The Swiss Federation of Jewish Communities has been working to eliminate prejudices against Jews in Switzerland for 100 years.This content was published on May 7, 2004 - 21:05
But when it was set up in 1904, the federation’s main aim was to fight the ban on the ritual slaughter of animals in Switzerland.
“We are still trying hard to get rid of the prejudices against Jews and combat anti-Semitism in Switzerland – as far as that’s possible,” Thomas Lyssy, vice president of the federation, told swissinfo.
“But there are still people around who don’t really want to listen and so don’t hear.”
Lyssy says the Jews in Switzerland are still seen as a minority and are not really regarded as Swiss, even though most of the 20,000 Jews living here have a Swiss passport.
And, he says, whenever tensions in the Middle East escalate hostility towards Jews in Switzerland increases.
“Sometimes it’s as if I was in the helicopter when [Hamas founder] Sheik Ahmed Yassin was assassinated,” he told swissinfo.
The Jewish community in Switzerland represents a very broad political spectrum, and it does not have an official line on the conflict in the Middle East.
“We are not for or against [Israeli prime minister] Ariel Sharon, and we don’t take a view on the Israeli withdrawal from the occupied territories,” he added.
Increased hostility against Jews normally results in tighter security at Jewish institutions in Switzerland, Lyssy said.
“It is almost impossible to enter a Jewish community centre or a Jewish school without undergoing thorough checks,” he said, adding that most Jewish people were now used to this.
The ban on the ritual slaughter of animals is still an issue in Switzerland. In March 2002 the government indicated that it was willing to lift the ban, which was seen as infringing the religious freedom of Jews and Muslims.
But it caved in after the idea was greeted with outrage by a majority of cantons, animals rights and consumer groups as well as vets and farmers, who argued that the practice inflicted unacceptable suffering on animals.
The government’s change of heart was a blow to the federation, which was set up to fight the ban on ritual slaughter of animals.
Meat produced in conformity with Jewish religious law has traditionally been imported to Switzerland, but imports of kosher meat could be threatened after the Swiss Society for Animal Protection (PSA) launched an initiative last year seeking to ban it.
Another role the federation has played has been that of mediator between international Jewish Organisations (notably the World Jewish Congress), and Swiss banks and the government in the Holocaust assets affair.
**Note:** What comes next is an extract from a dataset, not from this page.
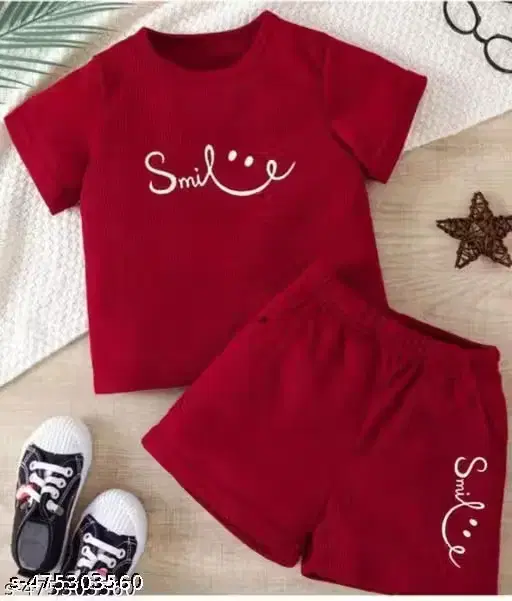 Chest Print Cotton Blend Clothing Set for Kids, Red (18-24 Months)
In the mid 1990s Switzerland came under heavy criticism for its dealings with Nazi Germany during the Second World War.
The former president of the federation, Rolf Bloch, managed to convince the government that Switzerland had to own up to its wartime mistakes.
In 1997 the government founded the “Swiss Fund for Needy Victims of the Holocaust” with around SFr300 million ($234 million) from the banks and industry.
During the Nazi era Switzerland pursued a very restrictive policy towards the Jewish community, and the federation backed these policies as it was important for them to be in harmony with the government.
“By backing the government the federation wanted to avoid endangering Jews in Switzerland and refugees,” Lyssy told swissinfo.
“But there are still so-called historians who blame the federation and the Swiss Jews for the country’s refugee policies,” he added.
swissinfo, Gaby Ochsenbein (translation: Billi Bierling)
The Swiss Federation of Jewish Communities was set up on November 27, 1904 in the town of Baden.
The federation comprises 18 Jewish communities and about 18,000 people.
The mandate of the federation:
Promoting Jewish interests in Switzerland.
Representing Jewish interests at Swiss and international organisations.
Fighting anti-Semitism and racism in Switzerland.
Dealing with the Holocaust and Swiss refugee policy.
Alfred Donath has been president of the federation since 2000.